Earlier results of the IES trial, which led to US FDA and European regulatory approvals of Aromasin for treatment of early breast cancer, found that postmenopausal hormone receptor positive patients, which represented 85% of all patients in the trial, who switched to Aromasin reduced their risk of breast cancer recurring by 35% versus patients who stayed on tamoxifen for 5 years. At the earlier time point, a difference in overall survival had not been seen.
Breast cancer is one of the most common cancers occurring in women with more than one million women diagnosed each year worldwide. "The Aromasin overall survival data announced today means that women are moving closer to the goal of longer survival." said Lead US Investigator, Stephen Jones, M.D., medical director, and co-chair, breast cancer research committee of the US Oncology Research Network and director of breast cancer research at the Texas Oncology Baylor-Sammons Cancer Center in Dallas.
With the new 5 year follow-up data, no clinically meaningful changes in the safety profile were noted. According to Professor Coombes, "We have also now been able to study the long-term effects of exemestane after completion of therapy, and our results provide women and their physicians with important long-term information on the use of exemestane."

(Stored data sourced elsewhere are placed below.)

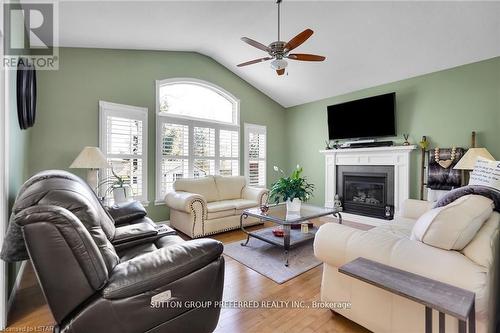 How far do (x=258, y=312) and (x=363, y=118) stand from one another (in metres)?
3.97

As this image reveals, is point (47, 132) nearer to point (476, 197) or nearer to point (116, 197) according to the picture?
point (116, 197)

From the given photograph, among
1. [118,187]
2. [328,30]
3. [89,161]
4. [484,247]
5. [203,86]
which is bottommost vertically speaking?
[484,247]

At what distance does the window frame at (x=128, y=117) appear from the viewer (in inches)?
148

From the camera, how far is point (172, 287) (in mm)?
1295

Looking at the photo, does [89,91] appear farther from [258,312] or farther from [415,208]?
[415,208]

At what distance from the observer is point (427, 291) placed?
42.6 inches

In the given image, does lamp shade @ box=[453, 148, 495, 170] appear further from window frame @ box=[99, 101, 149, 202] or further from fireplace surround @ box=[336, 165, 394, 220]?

At 34.5 months of follow-up, the most common side effects were mild-to-moderate and include hot flushes (21.2% for Aromasin vs. 19.9% for tamoxifen), fatigue (16.1% vs. 14.7%), arthralgia (14.6% vs. 8.6%), headache (13.1% vs. 10.8%), insomnia (12.4% vs. 8.9%), and increased sweating (11.8% vs. 10.4%). AROMASIN should not be used in women who are premenopausal, are nursing or pregnant, have a known hypersensitivity to the drug, or are taking estrogen-containing agents. Dose modification is recommended for patients who are receiving certain medications, including strong CYP 3A4 inducers. In patients with early breast cancer, elevations in bilirubin, alkaline phosphatase, and creatinine were more common in those receiving AROMASIN than either tamoxifen or placebo.
Aromasin was approved in the United States in 2005 for treatment of postmenopausal women with estrogen-receptor positive early breast cancer following two-to-three years of tamoxifen, for a combined total of five consecutive years of therapy. It also is approved for use in Canada, Europe, Japan and South America. Currently, Aromasin is available in more than 80 countries and approved in the early breast cancer setting in more than 40 countries.